◆ DATA SEGMENT:
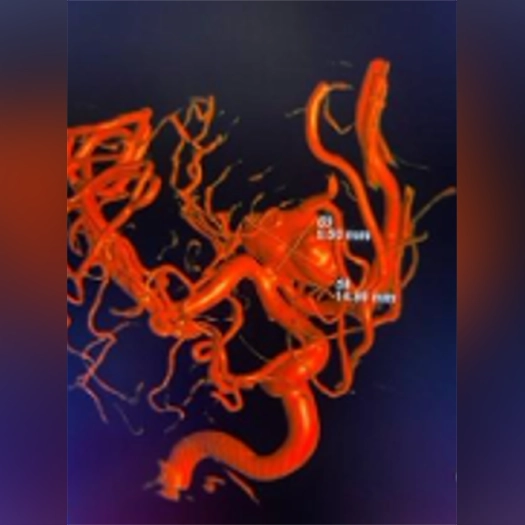 Neuro Aneurysm 3D Render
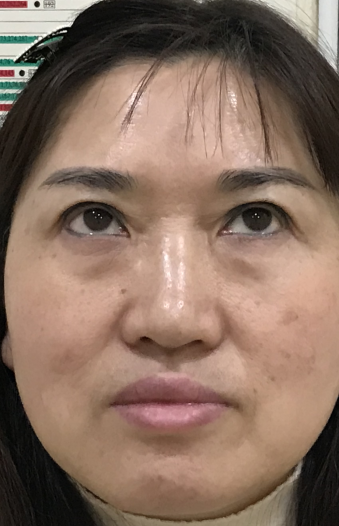 去眼袋手术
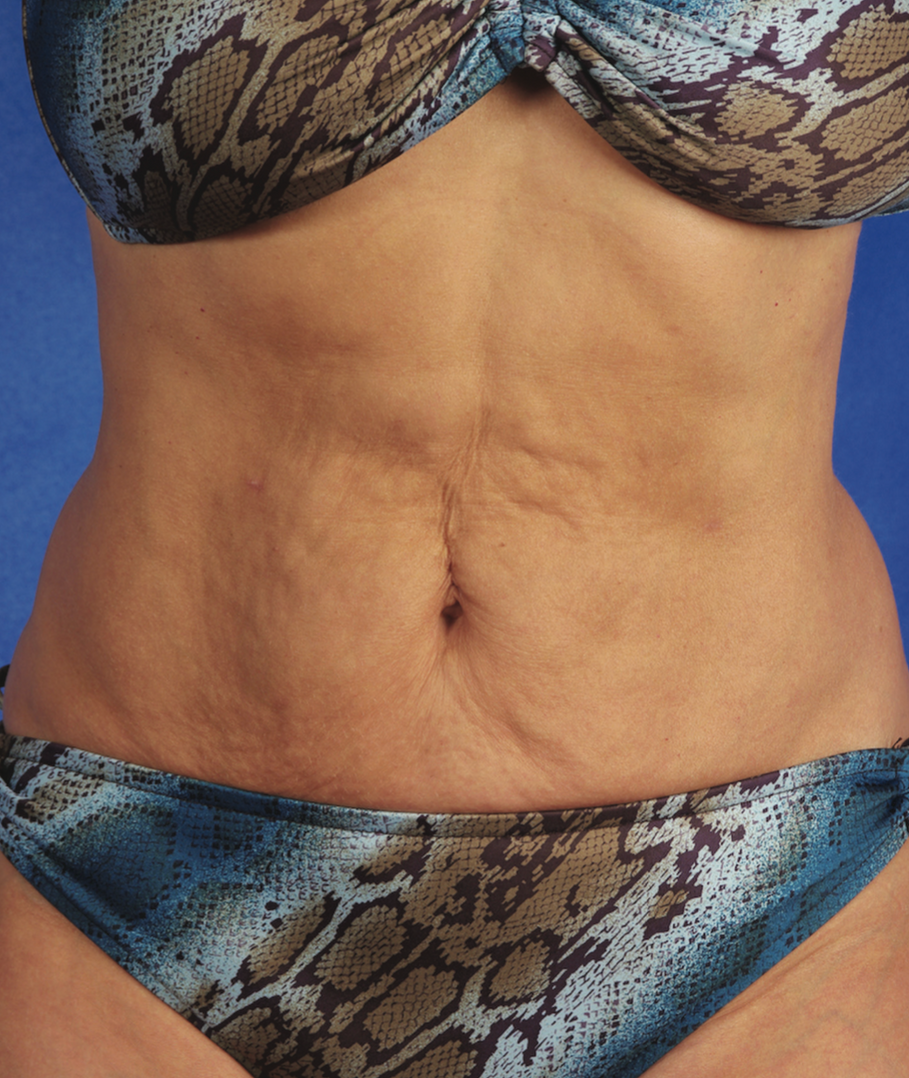 A Close Up Of A Woman's Abdomen   — Aura Mediclinic In Ashmore, QLD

◆ WHAT YOU NEED TO DO: Please retype the whole listing above exactly, without any of its images.

◆ EXERCISE RESPONSE:
 Neuro Aneurysm 3D Render
 去眼袋手术
 A Close Up Of A Woman's Abdomen   — Aura Mediclinic In Ashmore, QLD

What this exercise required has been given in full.